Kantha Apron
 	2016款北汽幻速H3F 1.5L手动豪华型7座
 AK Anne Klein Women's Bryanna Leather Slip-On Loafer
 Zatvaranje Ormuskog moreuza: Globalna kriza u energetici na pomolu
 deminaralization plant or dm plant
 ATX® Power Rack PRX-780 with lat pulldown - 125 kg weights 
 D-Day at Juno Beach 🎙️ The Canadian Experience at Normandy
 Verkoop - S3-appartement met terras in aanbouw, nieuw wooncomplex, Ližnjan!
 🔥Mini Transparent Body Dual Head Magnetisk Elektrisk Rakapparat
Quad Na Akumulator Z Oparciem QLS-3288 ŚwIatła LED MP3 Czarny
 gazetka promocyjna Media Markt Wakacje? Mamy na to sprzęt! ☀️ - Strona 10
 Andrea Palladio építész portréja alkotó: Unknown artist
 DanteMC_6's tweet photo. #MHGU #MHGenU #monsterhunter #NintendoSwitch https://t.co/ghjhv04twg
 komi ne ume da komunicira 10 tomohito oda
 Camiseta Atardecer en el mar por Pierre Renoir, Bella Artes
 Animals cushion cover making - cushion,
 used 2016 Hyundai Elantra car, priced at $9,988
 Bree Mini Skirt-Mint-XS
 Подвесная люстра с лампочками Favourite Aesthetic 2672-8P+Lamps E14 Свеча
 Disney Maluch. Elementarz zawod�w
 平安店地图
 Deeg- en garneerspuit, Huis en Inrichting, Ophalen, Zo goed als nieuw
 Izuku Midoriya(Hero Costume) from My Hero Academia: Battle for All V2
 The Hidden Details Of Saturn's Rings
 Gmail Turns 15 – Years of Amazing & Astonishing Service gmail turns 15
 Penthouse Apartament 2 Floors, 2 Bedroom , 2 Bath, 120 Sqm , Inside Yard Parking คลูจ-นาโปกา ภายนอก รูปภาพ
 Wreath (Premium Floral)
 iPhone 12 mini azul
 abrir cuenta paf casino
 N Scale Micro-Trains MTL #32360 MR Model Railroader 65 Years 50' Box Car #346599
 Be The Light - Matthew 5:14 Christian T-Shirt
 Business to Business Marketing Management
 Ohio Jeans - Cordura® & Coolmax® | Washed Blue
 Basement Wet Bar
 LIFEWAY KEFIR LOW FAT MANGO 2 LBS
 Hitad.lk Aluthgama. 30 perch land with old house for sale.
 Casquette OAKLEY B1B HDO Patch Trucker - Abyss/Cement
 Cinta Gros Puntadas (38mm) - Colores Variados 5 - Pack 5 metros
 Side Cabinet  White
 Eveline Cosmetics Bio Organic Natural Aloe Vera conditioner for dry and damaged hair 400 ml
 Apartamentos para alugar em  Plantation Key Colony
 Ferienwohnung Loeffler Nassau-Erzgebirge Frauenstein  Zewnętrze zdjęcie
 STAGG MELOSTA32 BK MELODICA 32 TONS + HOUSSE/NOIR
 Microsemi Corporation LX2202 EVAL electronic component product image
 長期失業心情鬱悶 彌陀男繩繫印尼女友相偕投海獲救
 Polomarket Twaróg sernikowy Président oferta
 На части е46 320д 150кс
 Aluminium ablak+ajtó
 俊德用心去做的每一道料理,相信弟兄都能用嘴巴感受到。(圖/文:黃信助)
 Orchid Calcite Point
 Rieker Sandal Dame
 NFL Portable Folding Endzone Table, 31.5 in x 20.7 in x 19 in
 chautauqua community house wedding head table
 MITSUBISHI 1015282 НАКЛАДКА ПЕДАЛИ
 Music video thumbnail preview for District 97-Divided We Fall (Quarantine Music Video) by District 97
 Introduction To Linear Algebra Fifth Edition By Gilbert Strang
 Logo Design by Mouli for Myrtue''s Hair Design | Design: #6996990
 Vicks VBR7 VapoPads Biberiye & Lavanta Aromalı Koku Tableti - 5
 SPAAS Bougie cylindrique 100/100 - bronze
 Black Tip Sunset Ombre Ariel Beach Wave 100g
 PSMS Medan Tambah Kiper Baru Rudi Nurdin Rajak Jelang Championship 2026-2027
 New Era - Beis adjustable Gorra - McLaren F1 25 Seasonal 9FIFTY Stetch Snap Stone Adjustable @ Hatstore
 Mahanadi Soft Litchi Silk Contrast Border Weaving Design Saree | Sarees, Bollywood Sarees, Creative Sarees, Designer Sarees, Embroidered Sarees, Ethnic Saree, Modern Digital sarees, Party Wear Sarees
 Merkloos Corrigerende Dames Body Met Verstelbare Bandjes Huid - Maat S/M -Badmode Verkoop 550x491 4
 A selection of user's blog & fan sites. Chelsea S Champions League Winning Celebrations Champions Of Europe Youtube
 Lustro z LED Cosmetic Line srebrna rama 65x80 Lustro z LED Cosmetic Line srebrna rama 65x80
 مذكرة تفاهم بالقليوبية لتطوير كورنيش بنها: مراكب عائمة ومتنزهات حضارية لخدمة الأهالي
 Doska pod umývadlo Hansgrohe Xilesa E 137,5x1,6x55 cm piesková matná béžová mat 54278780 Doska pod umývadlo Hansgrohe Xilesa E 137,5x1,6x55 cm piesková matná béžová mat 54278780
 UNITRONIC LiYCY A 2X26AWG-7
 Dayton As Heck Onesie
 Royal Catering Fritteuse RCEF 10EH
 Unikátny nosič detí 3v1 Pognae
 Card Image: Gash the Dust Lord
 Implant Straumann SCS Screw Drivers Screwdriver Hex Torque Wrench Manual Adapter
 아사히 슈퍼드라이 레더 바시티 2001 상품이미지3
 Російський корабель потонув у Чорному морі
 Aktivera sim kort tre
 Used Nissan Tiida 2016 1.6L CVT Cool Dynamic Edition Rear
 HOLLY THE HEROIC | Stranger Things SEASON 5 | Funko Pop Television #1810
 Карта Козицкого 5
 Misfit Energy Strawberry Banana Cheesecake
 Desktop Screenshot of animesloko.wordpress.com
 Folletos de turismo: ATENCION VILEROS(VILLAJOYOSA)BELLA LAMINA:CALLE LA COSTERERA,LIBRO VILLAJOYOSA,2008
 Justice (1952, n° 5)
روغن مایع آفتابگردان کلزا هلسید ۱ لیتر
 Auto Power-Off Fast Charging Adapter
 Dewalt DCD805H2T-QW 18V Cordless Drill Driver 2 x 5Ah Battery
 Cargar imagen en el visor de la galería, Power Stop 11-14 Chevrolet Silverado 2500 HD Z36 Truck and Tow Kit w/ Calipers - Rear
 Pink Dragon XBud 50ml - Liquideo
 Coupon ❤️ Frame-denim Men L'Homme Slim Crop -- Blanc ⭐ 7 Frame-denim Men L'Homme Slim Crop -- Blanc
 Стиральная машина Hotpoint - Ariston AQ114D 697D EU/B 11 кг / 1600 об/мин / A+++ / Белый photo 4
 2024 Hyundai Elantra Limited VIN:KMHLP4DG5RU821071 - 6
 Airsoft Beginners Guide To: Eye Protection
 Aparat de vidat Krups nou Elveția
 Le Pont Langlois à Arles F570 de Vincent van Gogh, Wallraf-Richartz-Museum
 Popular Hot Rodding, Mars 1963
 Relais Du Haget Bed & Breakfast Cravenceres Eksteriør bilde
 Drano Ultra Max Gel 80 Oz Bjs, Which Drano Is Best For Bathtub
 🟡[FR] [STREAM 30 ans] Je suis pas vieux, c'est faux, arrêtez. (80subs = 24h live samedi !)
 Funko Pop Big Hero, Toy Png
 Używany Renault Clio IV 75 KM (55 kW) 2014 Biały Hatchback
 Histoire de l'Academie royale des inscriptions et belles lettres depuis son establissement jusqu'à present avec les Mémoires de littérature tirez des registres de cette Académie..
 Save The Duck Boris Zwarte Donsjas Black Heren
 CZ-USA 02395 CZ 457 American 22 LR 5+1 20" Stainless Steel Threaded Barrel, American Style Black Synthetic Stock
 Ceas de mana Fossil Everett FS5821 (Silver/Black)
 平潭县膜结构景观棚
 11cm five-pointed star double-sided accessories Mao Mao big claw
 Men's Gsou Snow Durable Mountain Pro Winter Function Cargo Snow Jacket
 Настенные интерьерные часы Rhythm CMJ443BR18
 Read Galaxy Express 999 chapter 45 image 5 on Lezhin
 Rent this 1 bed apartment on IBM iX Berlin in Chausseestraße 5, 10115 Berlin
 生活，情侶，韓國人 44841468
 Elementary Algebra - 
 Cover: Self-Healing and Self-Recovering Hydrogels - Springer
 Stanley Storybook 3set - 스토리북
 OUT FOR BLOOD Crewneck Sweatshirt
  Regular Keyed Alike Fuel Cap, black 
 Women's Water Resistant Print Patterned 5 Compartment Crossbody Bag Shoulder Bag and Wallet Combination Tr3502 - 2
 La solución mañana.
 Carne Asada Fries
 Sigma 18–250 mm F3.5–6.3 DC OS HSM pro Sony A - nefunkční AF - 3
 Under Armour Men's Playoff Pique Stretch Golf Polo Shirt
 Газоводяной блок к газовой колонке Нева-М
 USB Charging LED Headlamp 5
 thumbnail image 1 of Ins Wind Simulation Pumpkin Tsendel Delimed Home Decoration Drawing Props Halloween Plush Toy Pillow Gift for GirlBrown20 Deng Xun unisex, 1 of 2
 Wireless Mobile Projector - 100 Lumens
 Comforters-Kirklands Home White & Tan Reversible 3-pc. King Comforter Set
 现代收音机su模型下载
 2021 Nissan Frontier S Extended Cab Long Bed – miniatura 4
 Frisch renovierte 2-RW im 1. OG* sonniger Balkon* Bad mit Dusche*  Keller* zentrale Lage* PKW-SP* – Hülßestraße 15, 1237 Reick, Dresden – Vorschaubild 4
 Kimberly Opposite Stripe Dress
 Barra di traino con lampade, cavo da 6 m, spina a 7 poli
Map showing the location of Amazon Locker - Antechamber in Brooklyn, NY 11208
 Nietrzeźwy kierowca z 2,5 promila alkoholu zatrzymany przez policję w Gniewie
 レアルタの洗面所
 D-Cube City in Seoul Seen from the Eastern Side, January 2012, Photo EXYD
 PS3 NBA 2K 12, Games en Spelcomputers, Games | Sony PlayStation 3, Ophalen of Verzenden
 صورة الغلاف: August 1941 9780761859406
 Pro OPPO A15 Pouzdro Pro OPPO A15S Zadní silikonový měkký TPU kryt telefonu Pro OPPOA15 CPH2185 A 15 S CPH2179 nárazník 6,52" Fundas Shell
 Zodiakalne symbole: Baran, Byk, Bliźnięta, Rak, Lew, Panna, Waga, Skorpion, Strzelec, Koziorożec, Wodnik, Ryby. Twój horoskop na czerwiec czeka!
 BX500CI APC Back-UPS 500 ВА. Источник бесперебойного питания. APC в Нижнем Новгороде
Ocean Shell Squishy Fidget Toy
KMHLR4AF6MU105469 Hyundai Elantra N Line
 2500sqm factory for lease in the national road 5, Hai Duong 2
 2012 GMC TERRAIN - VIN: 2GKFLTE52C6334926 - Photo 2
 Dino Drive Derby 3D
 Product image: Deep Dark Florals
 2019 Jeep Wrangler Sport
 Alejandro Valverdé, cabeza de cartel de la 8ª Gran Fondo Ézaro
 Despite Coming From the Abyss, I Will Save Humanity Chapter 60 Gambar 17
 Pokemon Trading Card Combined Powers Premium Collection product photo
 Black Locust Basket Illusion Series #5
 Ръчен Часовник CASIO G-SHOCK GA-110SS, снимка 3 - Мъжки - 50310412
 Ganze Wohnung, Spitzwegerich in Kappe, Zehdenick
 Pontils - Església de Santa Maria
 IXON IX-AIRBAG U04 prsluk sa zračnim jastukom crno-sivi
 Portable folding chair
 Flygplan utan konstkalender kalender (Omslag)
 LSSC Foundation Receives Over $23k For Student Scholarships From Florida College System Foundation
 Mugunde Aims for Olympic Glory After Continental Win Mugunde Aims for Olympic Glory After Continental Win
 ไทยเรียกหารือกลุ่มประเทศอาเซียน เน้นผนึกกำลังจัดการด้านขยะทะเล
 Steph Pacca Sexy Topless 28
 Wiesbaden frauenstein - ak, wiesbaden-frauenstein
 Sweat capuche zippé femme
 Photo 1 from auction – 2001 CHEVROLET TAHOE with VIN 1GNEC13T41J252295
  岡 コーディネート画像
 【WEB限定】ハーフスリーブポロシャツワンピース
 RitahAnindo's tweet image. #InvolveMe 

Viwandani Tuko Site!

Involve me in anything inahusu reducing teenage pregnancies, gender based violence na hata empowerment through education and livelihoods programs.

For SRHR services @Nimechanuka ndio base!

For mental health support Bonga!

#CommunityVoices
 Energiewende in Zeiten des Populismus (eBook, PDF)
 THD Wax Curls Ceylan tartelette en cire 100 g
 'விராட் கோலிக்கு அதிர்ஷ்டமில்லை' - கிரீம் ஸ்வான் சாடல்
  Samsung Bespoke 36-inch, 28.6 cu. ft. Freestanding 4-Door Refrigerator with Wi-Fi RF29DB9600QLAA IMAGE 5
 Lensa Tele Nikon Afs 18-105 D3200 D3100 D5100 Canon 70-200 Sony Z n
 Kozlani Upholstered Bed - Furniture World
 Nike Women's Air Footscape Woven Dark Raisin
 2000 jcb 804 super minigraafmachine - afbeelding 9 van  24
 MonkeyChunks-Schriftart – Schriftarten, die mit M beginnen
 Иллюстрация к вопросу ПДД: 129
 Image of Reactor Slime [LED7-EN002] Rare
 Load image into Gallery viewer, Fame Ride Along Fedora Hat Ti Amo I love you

============

What the task asks
Make a tally of the lines in this material that hold the string "Card", then give that number without any other words.

Solution to the exercise
2